Re: PG down, due to 3 OSD failing

Dan van der Ster <dvanders@xxxxxxxxx> · Fri, 1 Apr 2022 11:25:27 +0200

The PGs are stale, down, inactive *because* the OSDs don't start.
Your main efforts should be to bring OSDs up, without purging or
zapping or anyting like that.
(Currently your cluster is down, but there are hopes to recover. If
you start purging things that can result in permanent data loss.).

More below.

On Fri, Apr 1, 2022 at 9:38 AM Fulvio Galeazzi <fulvio.galeazzi@xxxxxxx> wrote:
>
> Ciao Dan,
>      thanks for your time!
>
> So you are suggesting that my problems with PG 85.25 may somehow resolve
> if I manage to bring up the three OSDs currently "down" (possibly due to
> PG 85.12, and other PGs)?

Yes, that's exactly what I'm suggesting.

> Looking for the string 'start interval does not contain the required
> bound' I found similar errors in the three OSDs:
> osd.158: 85.12s0
> osd.145: 85.33s0
> osd.121: 85.11s0

Is that log also for PG 85.12 on the other OSDs?
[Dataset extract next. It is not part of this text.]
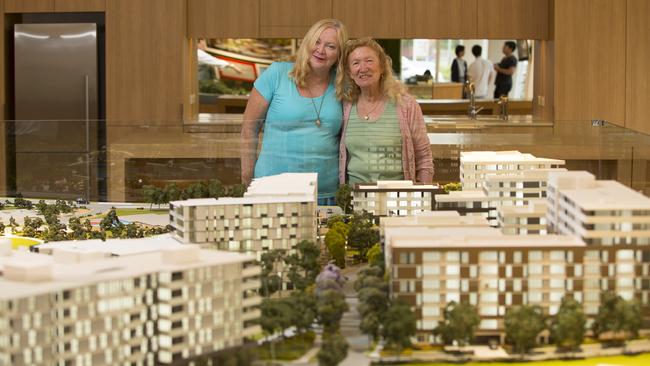 Public-private mix public housing in Riverwood Estate has been praised by the Greater Sydney Commission. Pictured are residents of the Washington Park precinct with a model of what the area will look like.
> Here is the output of "pg 85.12 query":
>         https://pastebin.ubuntu.com/p/ww3JdwDXVd/
>   and its status (also showing the other 85.XX, for reference):

This is very weird:

    "up": [
        2147483647,
        2147483647,
        2147483647,
        2147483647,
        2147483647
    ],
    "acting": [
        67,
        91,
        82,
        2147483647,
        112
    ],

Right now, do the following:
  ceph osd set norebalance
That will prevent PGs moving from one OSD to another *unless* they are degraded.

2. My theory about what happened here. Your crush rule change "osd ->
host" below basically asked all PGs to be moved.
Some glitch happened and some broken parts of PG 85.12 ended up on
some OSDs, now causing those OSDs to crash.
85.12 is "fine", I mean active, now because there are enough complete
parts of it on other osds.
The fact that "up" above is listing '2147483647' for every osd means
your new crush rule is currently broken. Let's deal with fixing that
later.

3. Question -- what is the output of `ceph osd pool ls detail | grep
csd-dataonly-ec-pool` ? If you have `min_size 3` there, then this is
part of the root cause of the outage here. At the end of this thread,
*only after everything is recovered and no PGs are
undersized/degraded* , you will need to set it `ceph osd pool set
csd-dataonly-ec-pool min_size 4`

4. The immediate goal should be to try to get osd.158 to start up, by
"removing" the corrupted part of PG 85.12 from it.
IF we can get osd.158 started, then the same approach should work for
the other OSDs.